A new exhibit opens January 22 at the UTSA main campus off Loop 1604. The exhibit is an extensive collection of race-related media, photographs, video and items from bygone eras. It’s called For All The World To See: Visual Culture and the Struggle for Civil Rights, and according to Associate Professor of Art History Scott Sherer, that title is significant.
"The exhibit takes its title from the words of Mamie Till Bradley, who was the mother of Emmett Till," Sherer said.
Till was the 14-year-old Chicago boy who, while visiting Mississippi relatives in 1955, was beaten to death by racists. When his badly maimed body was returned to his mother, she insisted the casket be open so that all the world would see what had been done to him. I noted to Scherer that the images are horrific.
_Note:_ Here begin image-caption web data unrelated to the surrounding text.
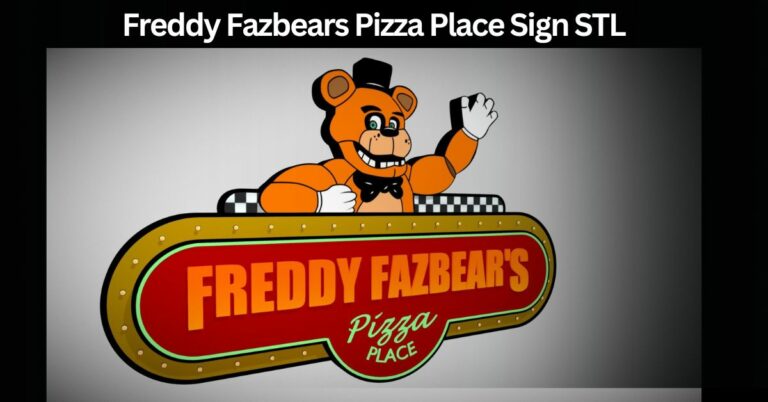 Freddy Fazbears Pizza Place Sign STL – Your Space With 3D Magic! 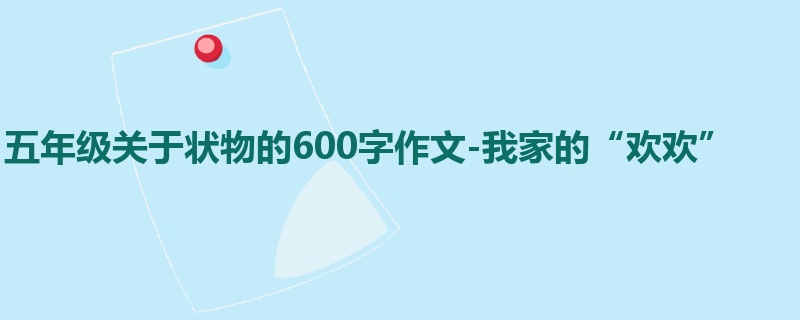 五年级关于状物的600字作文-我家的“欢欢”
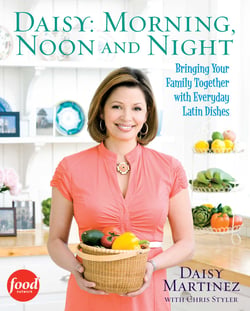 Daisy: Morning, Noon and Night - Bringing Your Family Together with Everyday Latin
"Yes, they are horrific, and that’s one of the parts of the civil rights story," he said.
But don’t think the exhibit is all about man’s inhumanity to man. Uplifting themes of struggle, plus ways that the media shone the light not just on inequality, but also on the way African Americans earned their respect through talent and fortitude. And then, as Sherer noted, there’s this.
"They have an extensive collection of mostly African-American artists," he said.
San Antonio collectors Paula and Edwin Miles’ paintings line the walls, a complementary exhibit that adds an artistic aesthetic the exhibit wouldn’t otherwise have. I asked Sherer why this look back is important in 2014.
"I think it’s important to recognize that the history of civil rights is an ongoing project. Each decade and each generation has to work to negotiate relationships between different ethnic and cultural groups.”